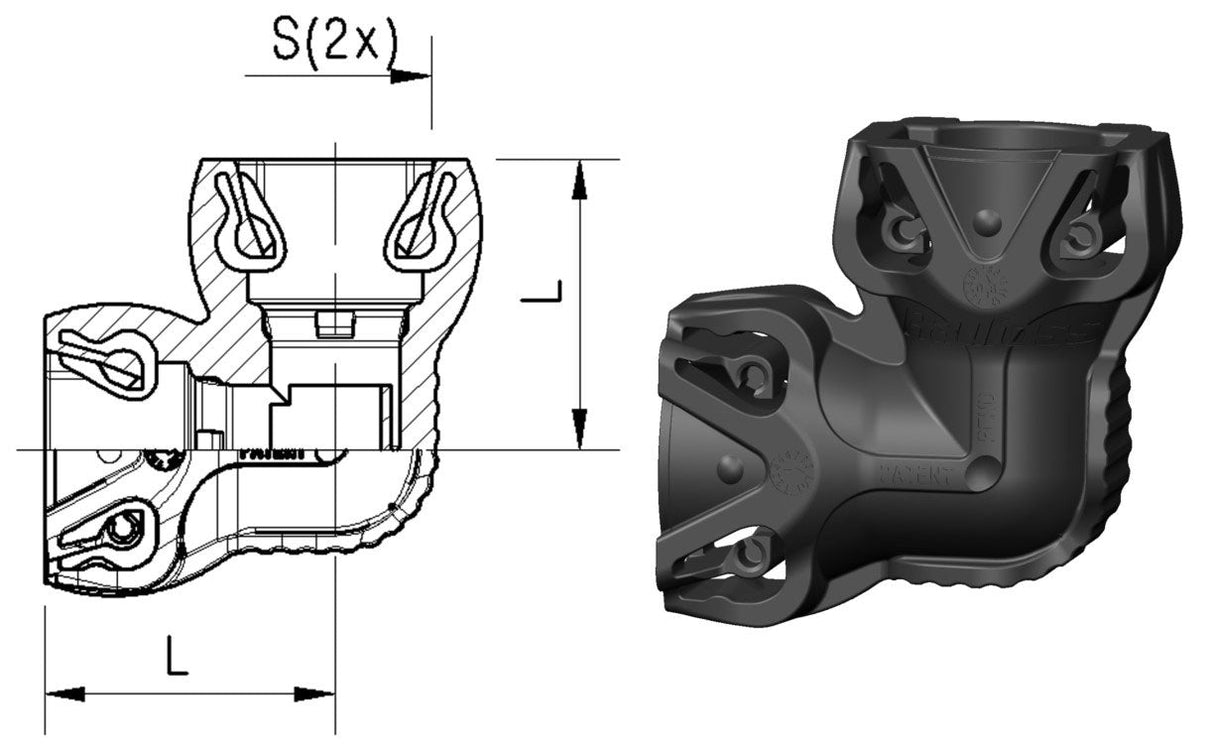 Vinkel 90° Regular L=29mm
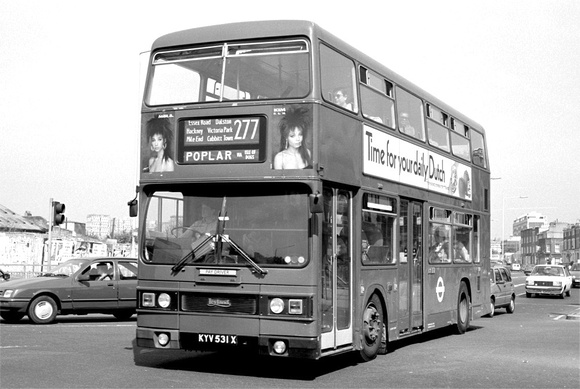 Route 277, London Transport, T531, KYV531X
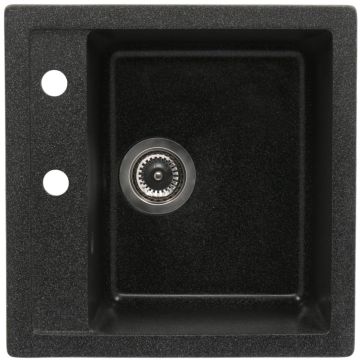 CasaBlanca Quadro Chiuveta bucatarie granit 48x48 cm, negru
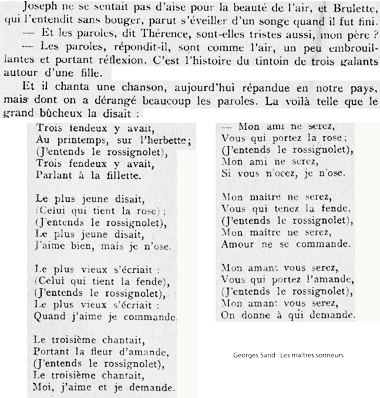 Texte Les maîtres sonneurs George Sand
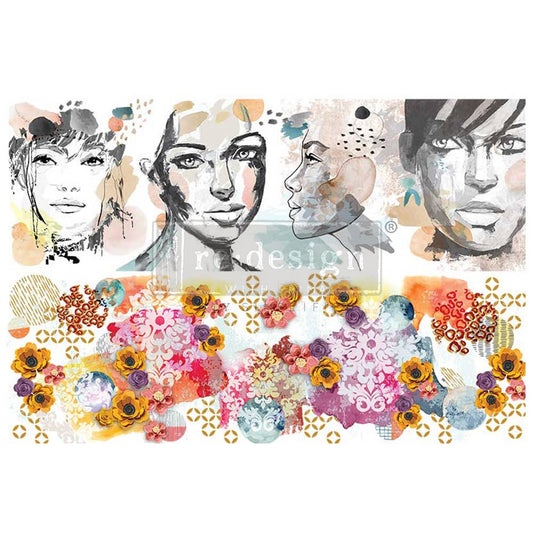 Redesign Décor Transfers Cece In Truth Beauty 24"x35"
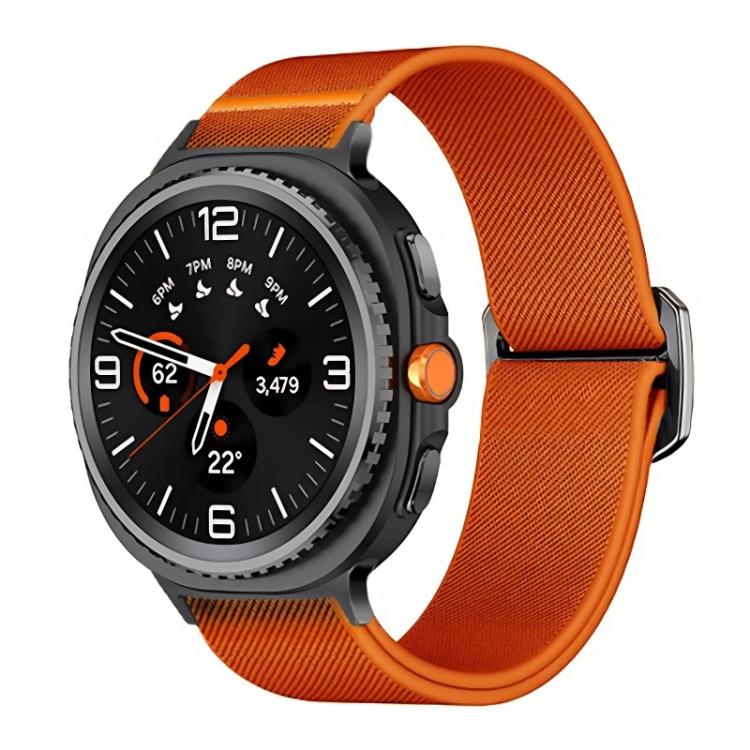 For Samsung Galaxy Watch8 / 8 Classic xDfind Elastic Nylon Watch Band(Orange)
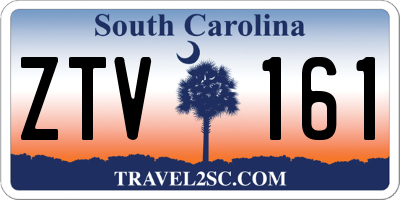 SC license plate ZTV161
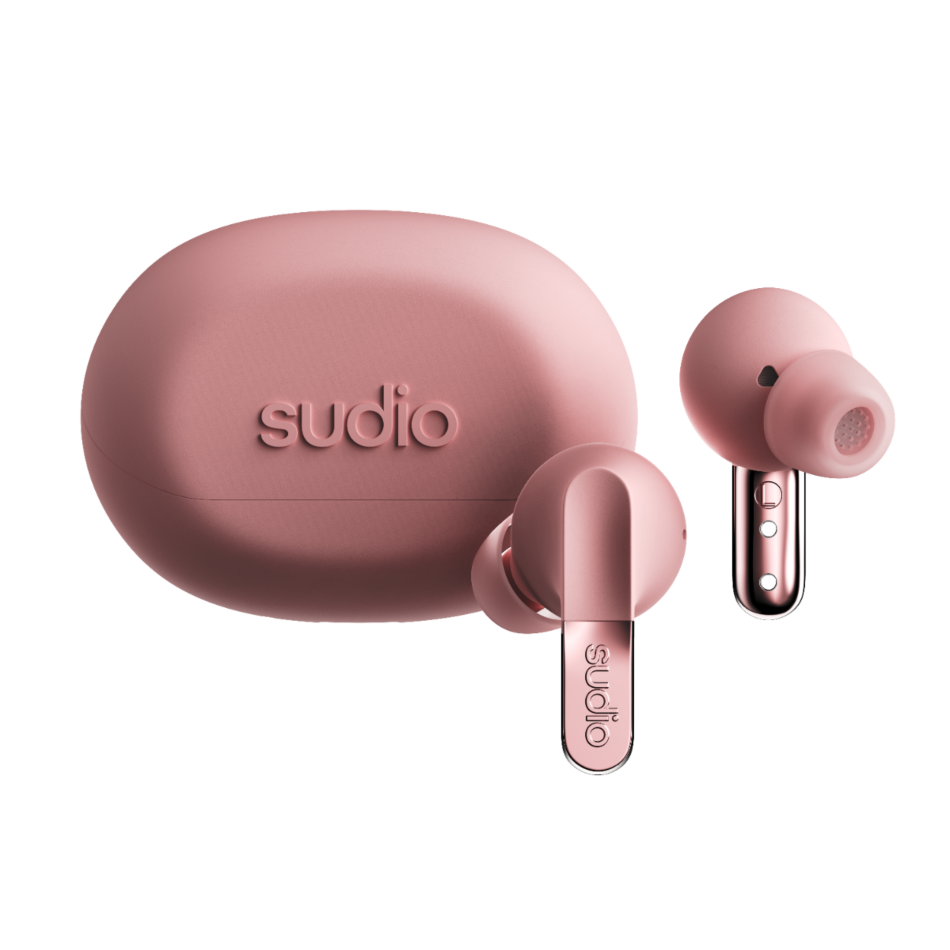 Sudio N3 Pro In-Ear True Wireless Earbuds - Rose Pink | N3PROPNK from Sudio - DID Electrical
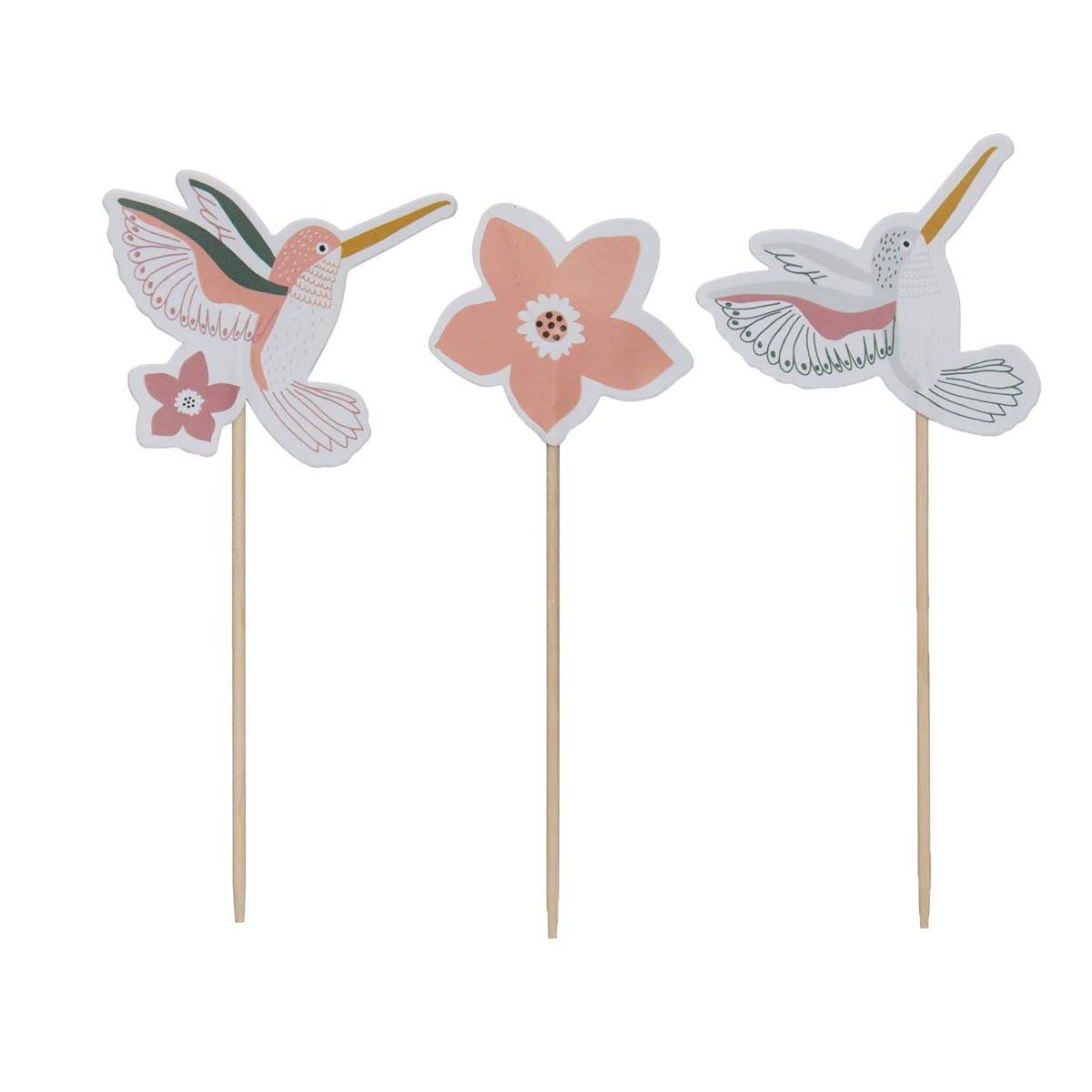 Lot de 10 Piques Décoratifs "Fées" 15cm Multicolore - Image 4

━━━━━━━━━━

Starting at the line that contains "CasaBlanca Quadro Chiuveta", please write out each line through the last line of the data, both ends included, and keep pictures out of the copy.

 CasaBlanca Quadro Chiuveta bucatarie granit 48x48 cm, negru
 Texte Les maîtres sonneurs George Sand
 Redesign Décor Transfers Cece In Truth Beauty 24"x35"
 For Samsung Galaxy Watch8 / 8 Classic xDfind Elastic Nylon Watch Band(Orange)
 SC license plate ZTV161
 Sudio N3 Pro In-Ear True Wireless Earbuds - Rose Pink | N3PROPNK from Sudio - DID Electrical
 Lot de 10 Piques Décoratifs "Fées" 15cm Multicolore - Image 4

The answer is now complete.